Reconhecimento de autor em plenário
O júri da semana que passou foi caracterizado pelo reconhecimento de suposta autoria, realizado em plenário, em ação penal que jamais havia postado uma única fotografia nos autos. O acusado, somado a outras cinco pessoas, todos enfileirados, é reconhecido por uma testemunha, diante do Juiz, do defensor, do acusador e dos jurados.
Dois anos de causa, prisões preventivas, várias testemunhas, instrução completa, e até o momento final o executor do horrendo homicídio não havia sido reconhecido por ninguém!
Duas testemunhas arroladas pelo Ministério Público não comparecem. Seriam os amigos do executor. Há um pedido de adiamento no ar. A defesa concorda com a substituição de testemunha, e a mandante – menor (e ainda menor, mesmo passados dois anos do crime) – comparece na sessão de julgamento.
No ato do reconhecimento, bem montado (porém, discutível), a testemunha repete três vezes que não tem certeza sobre o “número 4”, muito embora recuse veementemente os outros cinco. É dispensada do ato. Fica o reconhecimento.
Uma jurada levanta inteligente pergunta: qual o grau de certeza acerca do reconhecimento? A testemunha já está saindo, o almoço já está servido, e a sessão é suspensa por uma hora e meia, até que, no seu retorno, a resposta terá lugar.
Uma hora e meia depois, todos alimentados, a pergunta é repetida em plenário pelo Presidente da sessão. Resposta categórica da testemunha: 80%. A testemunha que, momento antes, havia repetido três vezes que não tinha certeza sobre ser o acusado o autor do crime, abstraiu um nível de certeza em 80%, passada uma hora e meia e uma refeição.
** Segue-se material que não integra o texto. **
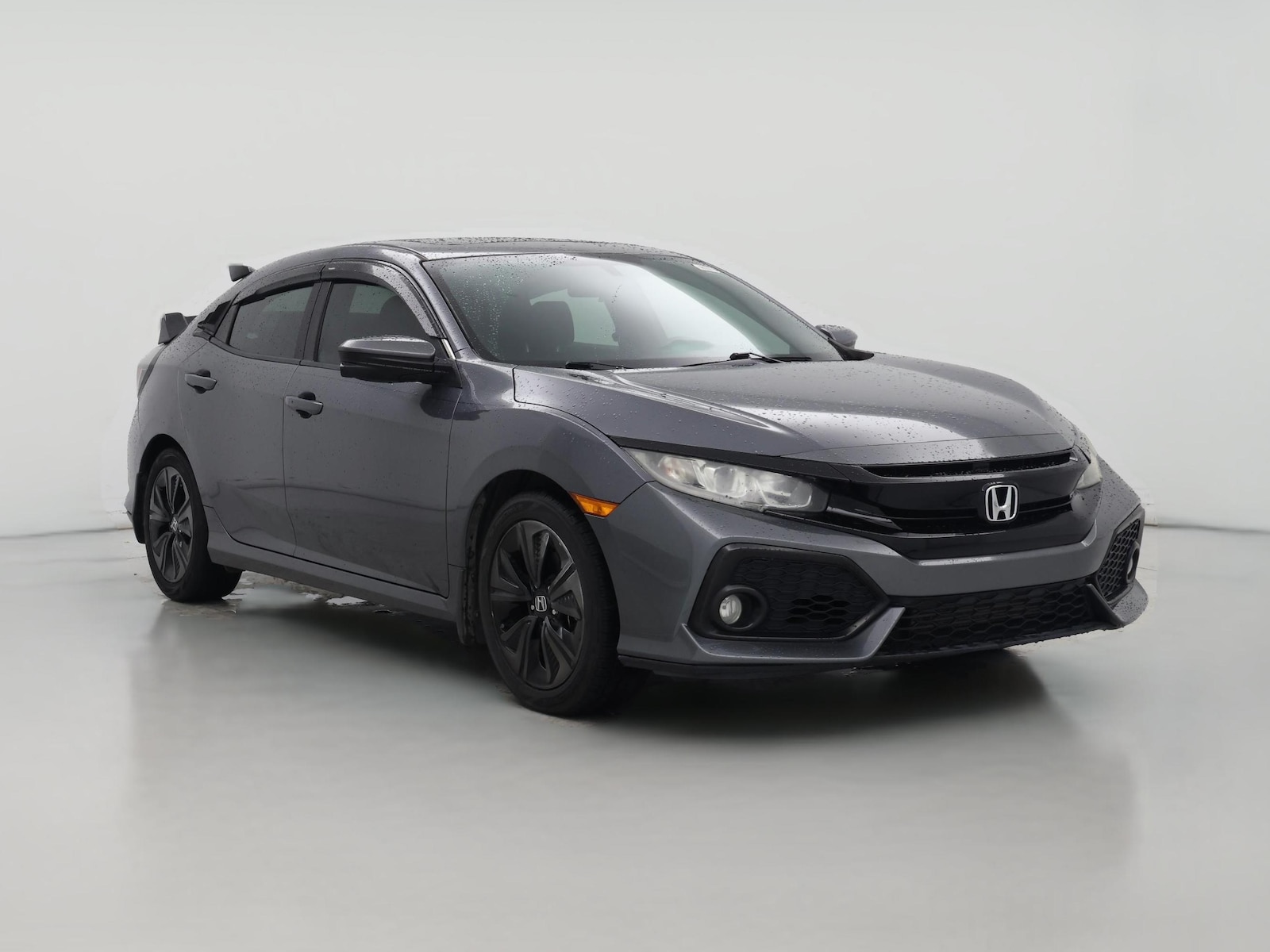 2018 Honda Civic Hatchback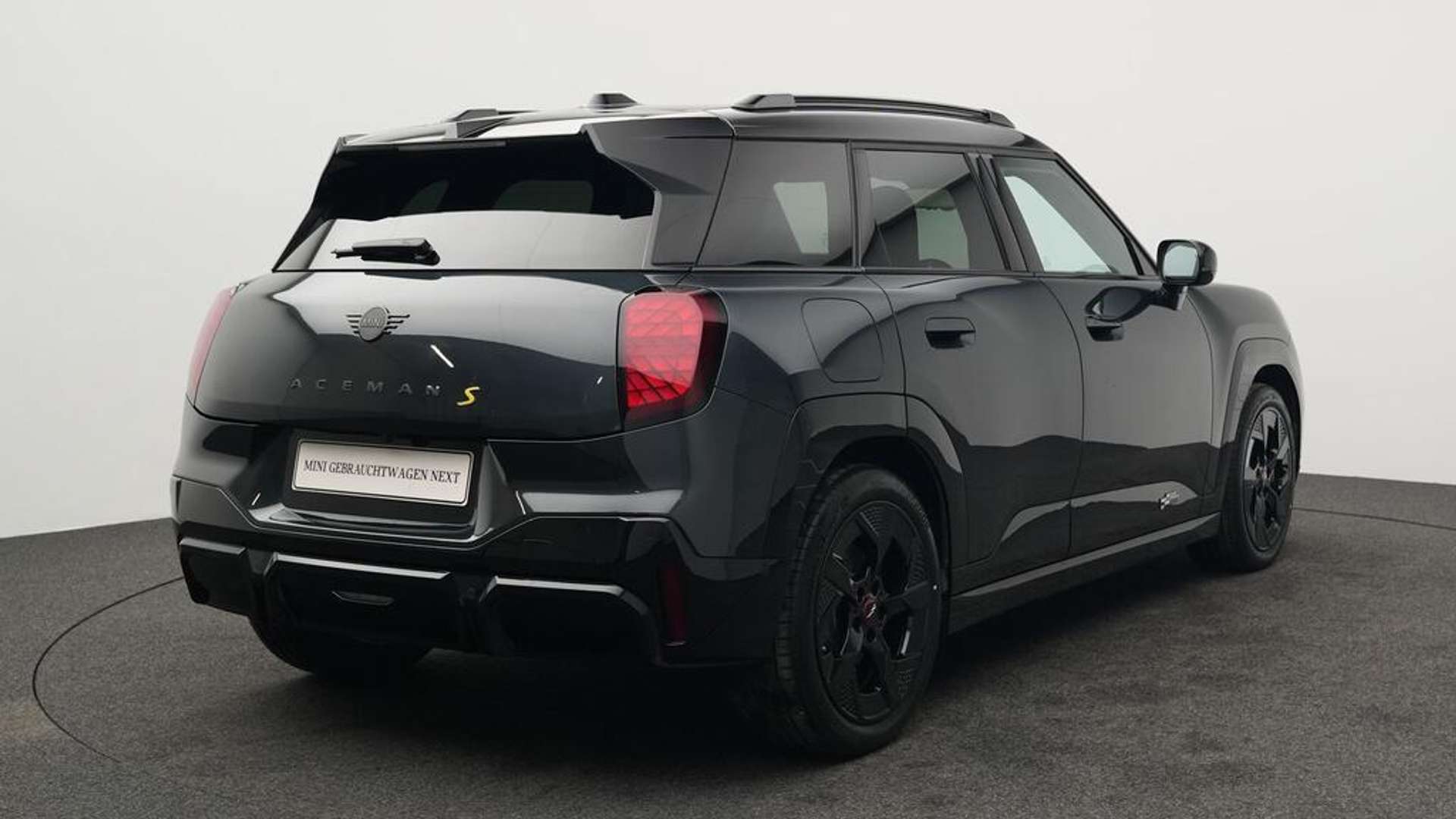 Mini Aceman John Cooper Works - 2024 - Joinsteer - #4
Temos a convicção de que esses 80% se referem a um grau de certeza de que o acusado é aquele que estava enfileirado com os demais, portador da plaquinha de “número 4”. A testemunha tem 80% de certeza de que reconhece, neste ato, o “número 4” como sendo o “número 4” enfileirado dentre seis meninos (bem distintos, diga-se), que teria visto uma hora e meia atrás.
E não, como se pretendia, ser o “número 4” o autor do homicídio ocorrido dois anos atrás, pessoa a quem avistou por apenas duas ou três vezes, quando tinha 15 anos de idade, numa conjuntura de extrema tensão emocional – porque encomendava desse autor monstruoso o assassinato de sua própria mãe!
Nem se fale no índice 80% versus 20%. É evidente que apenas esse fator seria útil a frustrar o reconhecimento. Fale-se, pois, para muito além disso: na idade da testemunha ao tempo do crime; nas feições físicas descritas pela mesma no início das investigações (diversas das do “reconhecido”); no contexto emocional do fato; no transcurso temporal – 2 anos – entre o crime e o julgamento; nas condições climáticas do tempo do crime (noite, iluminação, capacete etc.); nas ameaças perpetradas pelo autor verdadeiro (que ainda podem persistir); na geografia do crime; nas características tangentes (e divergentes) entre autor verdadeiro e acusado (motocicleta, roupas, certidões, vida pregressa etc.); enfim, na possibilidade de se haver descoberto o verdadeiro homicida – fato ignorado por todo o sistema investigativo-acusatório, desde a polícia até o Ministério Público.
Esse reconhecimento não tem validade alguma! Outras provas são necessárias para se condenar o acusado. Mas… elas não existem! Apenas existem as provas de que NÃO foi ele. Inevitavelmente: absolvido!